立体機動を駆使し、鬼神のような働きで次々と巨人を倒すリヴァイ。ページをめくるとタイトル画が巨大な壁の上の風景(シガンシナ区ということでしょうか)で、本編のエレンたちの訓練兵時代の一場面を思い出し、ちょっとほろっと来るものがあります。ミケ、ハンジ、エルヴィンたちとリヴァイ、ファーラン、イザベルがこの壁にいると、ああ同じ時代同じ場所なのだなあと思います。この場面が今まで出て来なかったのは、考えてみるとちょっと意外です。

リヴァイは巨人の腹の中を切り裂き、ファーランの腕をつかみますが、すでに上半身のみになっていました。ユラ、と立ち上がったリヴァイに4体の巨人が迫ります。つかみかかって来た巨人の両眼に刃を突き刺し、そのままに体の巨人のうなじを削ぎ、最後の巨人には超高速回転でうなじを削ぎ落とします。
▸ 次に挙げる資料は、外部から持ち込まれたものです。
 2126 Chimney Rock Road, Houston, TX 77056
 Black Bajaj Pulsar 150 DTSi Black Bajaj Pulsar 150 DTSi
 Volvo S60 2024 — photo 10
両眼に刃を突き刺した巨人に向かってリヴァイは尋ねます。「おい、人間てのは美味いのか?答えろよ」と。

一方、馬を駆るエルヴィンとミケは、巨人を倒したもうもうたる蒸気が上がるのを見て驚きます。「一度にあの数を倒すとは…」「奴か?」

最後の巨人を倒したリヴァイは、イザベルの首をみつけます。両眼が開いたままのイザベルの首。リヴァイは悔しさに歯ぎしりしながら、イザベルの目を閉じてやります。

「おい、誰か生存者はいるか?リヴァイ!生き残ったのはお前だけか?この巨人の死骸はお前一人で…」と問うエルヴィンにリヴァイはつかみかかり、馬から引き摺り下ろします。剣を抜くミケに、リヴァイは来るな、と言います。
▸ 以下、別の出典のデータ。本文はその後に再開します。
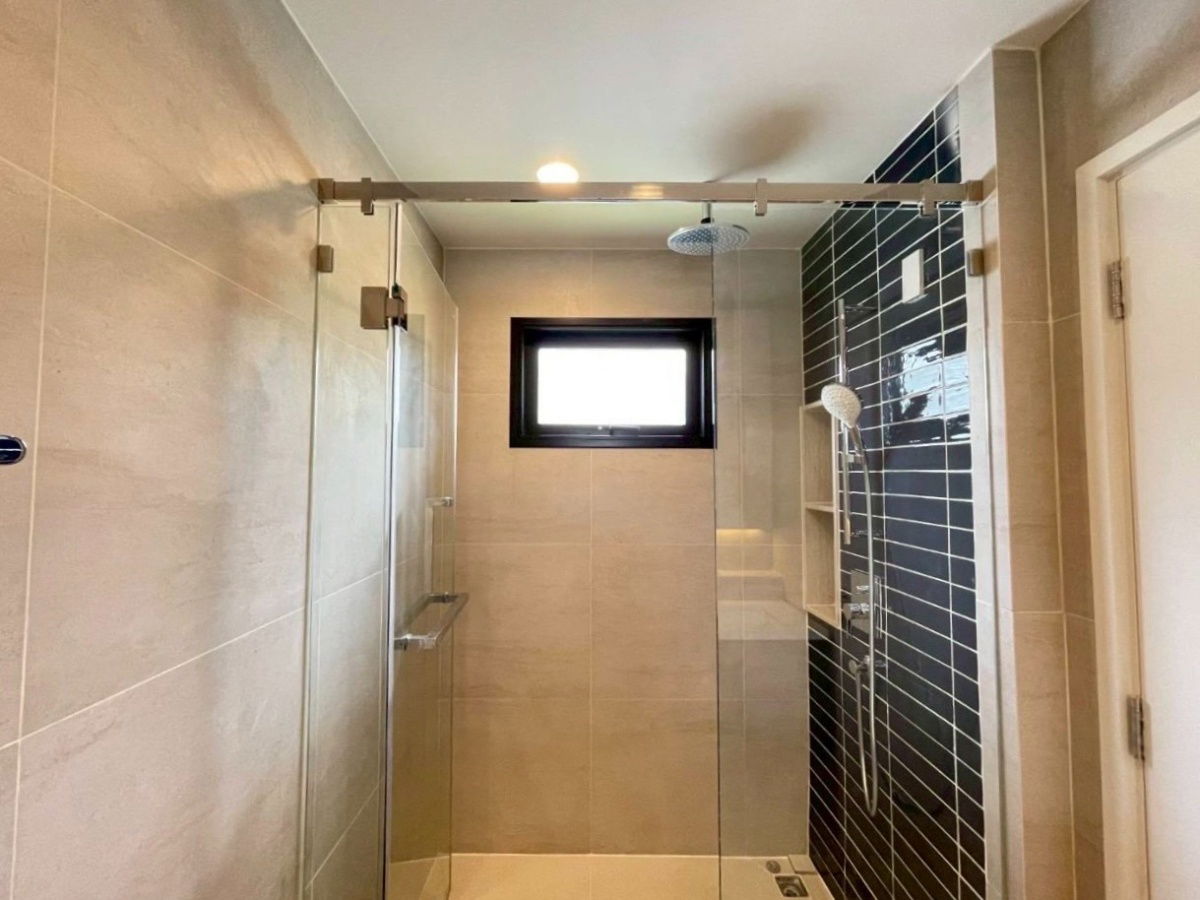 รูป 🏡✨ ขายบ้านเดี่ยวทำเลติดถนนสายไหม ตอบโจทย์ไลฟ์สไตล์คนรุ่นใหม่ บนถนนเมนของโครงการเศรษฐสิริ พหลโยธิน–สายไหม - รูปที่ 13/16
リヴァイは、「エルヴィン、てめえを殺す。そのためにここにいる」とエルヴィンの首に刃を当てます。

「彼らは…死んだのか…そうか…」というエルヴィン。懐からごそごそと何かを出します。「ニコラス・ロヴォフに関する書類だ」それは、ファーランが探していたもの、依頼主ロヴォフから回収を依頼された書類でした。

「てめえ…知っていたのか」とリヴァイ。しかしそれは白紙でした。「何のつもりだ」というリヴァイにエルヴィンは、「ブラフだ」と言って説明を始めます。

ロヴォフは、壁外調査の中止で浮いた兵団資金を横領していることをエルヴィンはつかんでいたので、決定的な証拠を手に入れるためにウソの情報を流したのだと。案の定彼はリヴァイたちに依頼し、ロヴォフが動いたことでエルヴィンは決定的な証拠を手に入れることが出来たと。

「なぜ俺たちを兵団にいれた」と問うリヴァイに、「お前たちが優れた戦力だから、ということと、逆にリヴァイたちを利用してロヴォフに揺さぶりをかけるためだ」というエルヴィン。しかし、もう本物の証拠書類は兵団を統括するザックレー総統の手元にあるから、もうロヴォフは終わりだ、とエルヴィンは言うのでした。

リヴァイは、そんな駆け引きに巻き込まれて命を落としたファーランたちを思い、エルヴィンを殺そうとします。しかしエルヴィンは刃を抑えて言います。

「私の部下を、お前の仲間を殺したのは誰だ?ともに私を襲いに来ていれば死なずに住んだと思うか」と問うエルヴィンに、リヴァイはあのとき離れなければ、三人で行動していれば、と思い、「俺の驕りが、クソみてえなプライドが…」と答えると、エルヴィンは「違う!」と叫びます。

「巨人だ!」と。

巨人がどういう存在なのか、我々には分からない。壁の中にいるだけではこの劣勢を覆せない。しかしこの壁の外の何もない広大な空間に、我々の絶望を照らす何かがあるかもしれない。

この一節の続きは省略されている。